Your objective: With the pictures left out, reproduce exactly the lines running from the line with "this 300×200 image." to the last line of the material below.

══════════════════════════════

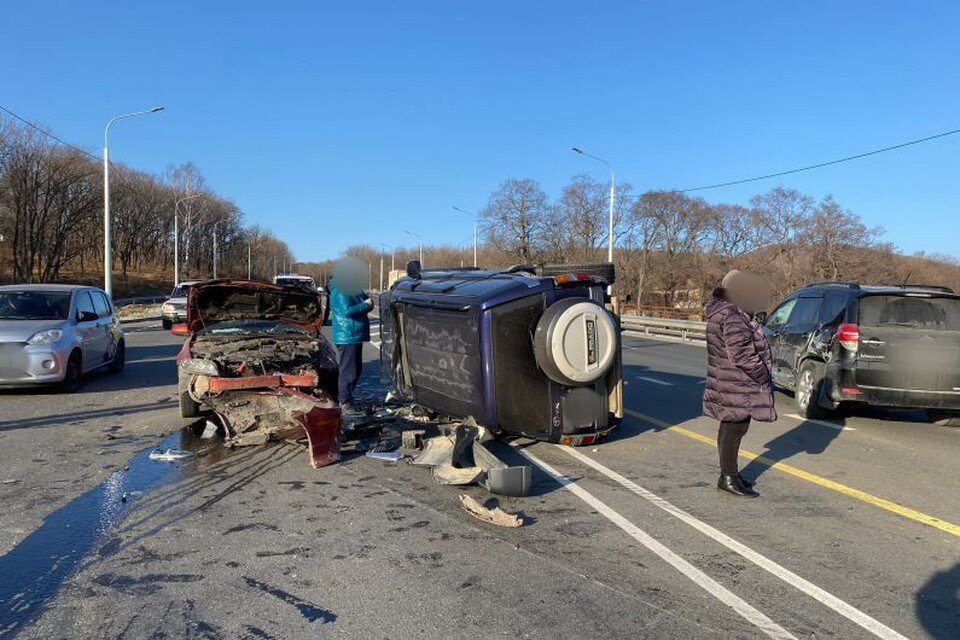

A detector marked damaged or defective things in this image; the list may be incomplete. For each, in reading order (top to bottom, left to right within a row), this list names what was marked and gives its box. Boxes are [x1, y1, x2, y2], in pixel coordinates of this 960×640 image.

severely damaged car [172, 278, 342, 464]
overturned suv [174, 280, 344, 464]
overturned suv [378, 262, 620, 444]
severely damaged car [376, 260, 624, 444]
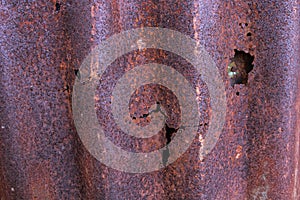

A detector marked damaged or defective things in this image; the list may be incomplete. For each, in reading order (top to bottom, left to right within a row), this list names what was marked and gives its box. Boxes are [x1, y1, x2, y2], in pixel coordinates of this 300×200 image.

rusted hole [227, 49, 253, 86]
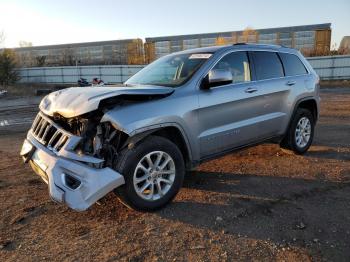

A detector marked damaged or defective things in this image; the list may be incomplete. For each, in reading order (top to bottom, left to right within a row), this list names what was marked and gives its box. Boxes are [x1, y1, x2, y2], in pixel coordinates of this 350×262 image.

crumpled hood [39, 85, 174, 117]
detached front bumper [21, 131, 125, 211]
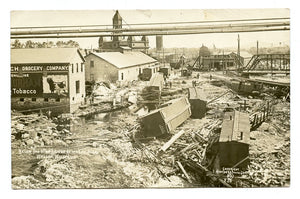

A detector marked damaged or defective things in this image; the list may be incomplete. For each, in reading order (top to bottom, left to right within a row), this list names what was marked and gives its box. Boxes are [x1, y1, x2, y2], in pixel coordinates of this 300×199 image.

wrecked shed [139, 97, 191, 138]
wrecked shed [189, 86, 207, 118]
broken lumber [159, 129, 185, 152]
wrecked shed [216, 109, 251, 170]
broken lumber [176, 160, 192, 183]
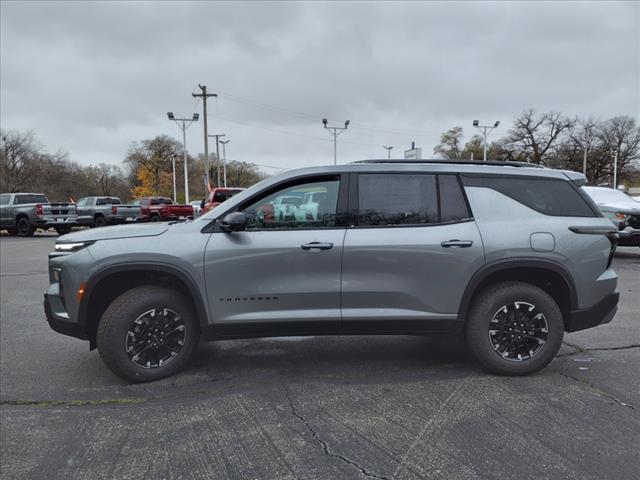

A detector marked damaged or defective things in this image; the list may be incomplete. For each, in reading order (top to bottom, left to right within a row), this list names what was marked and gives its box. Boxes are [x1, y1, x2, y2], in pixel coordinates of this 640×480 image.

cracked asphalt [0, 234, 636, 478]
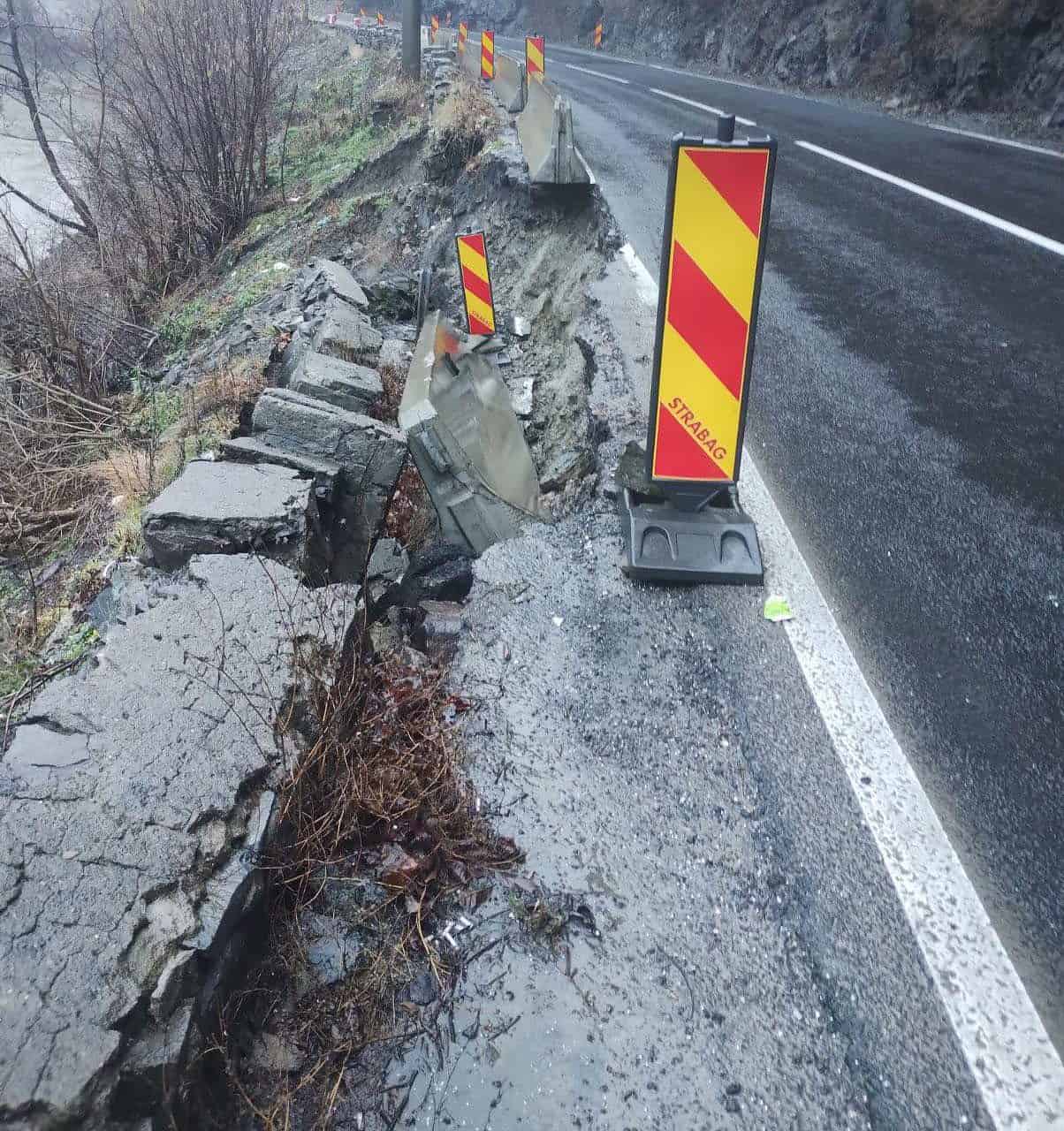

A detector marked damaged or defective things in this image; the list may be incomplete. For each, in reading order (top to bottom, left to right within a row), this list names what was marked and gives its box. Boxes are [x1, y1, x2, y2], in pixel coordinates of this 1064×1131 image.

══════════════════════════════

Reply:
A detector marked damaged or defective things in this image; the list may be incomplete. For each, in reading order (top to bottom, left to right within a row), this list names what was marked and gives its box. Boxes are [x1, y1, x2, y2], in pixel coordinates of this 300×200 image.

rusted hole [227, 49, 253, 86]

A detector marked damaged or defective things in this image; the list may be incomplete. For each, in reading order (top to bottom, left to right within a row), this list names what was marked and gives its box. Boxes are [x1, y1, x2, y2], in pixel coordinates of this 350×262 image.

crumpled hood [39, 85, 174, 117]
detached front bumper [21, 131, 125, 211]

A detector marked damaged or defective things in this image; the list may be incomplete. For each, in reading order (top to bottom, left to right within a row), this list names what was marked and gives its box. Boxes are [x1, y1, x2, y2], in pixel coordinates of this 300×199 image.

wrecked shed [139, 97, 191, 138]
wrecked shed [189, 86, 207, 118]
broken lumber [159, 129, 185, 152]
wrecked shed [216, 109, 251, 170]
broken lumber [176, 160, 192, 183]

A detector marked damaged or defective things in this image; the list may be incomplete. For each, in reading order (top to bottom, left to right within a row), this list names what was marked and gives its box. Boxes are [x1, y1, x2, y2], in pixel coordinates of this 640×480 image.

cracked asphalt [0, 234, 636, 478]

A detector marked damaged or defective things in this image; the list may be incomplete. For each, in reading order (top to bottom, left to right within a row), this list names what was marked and gives its box. Boxes are [x1, y1, x2, y2], in pixel coordinates of this 1064×1131 image.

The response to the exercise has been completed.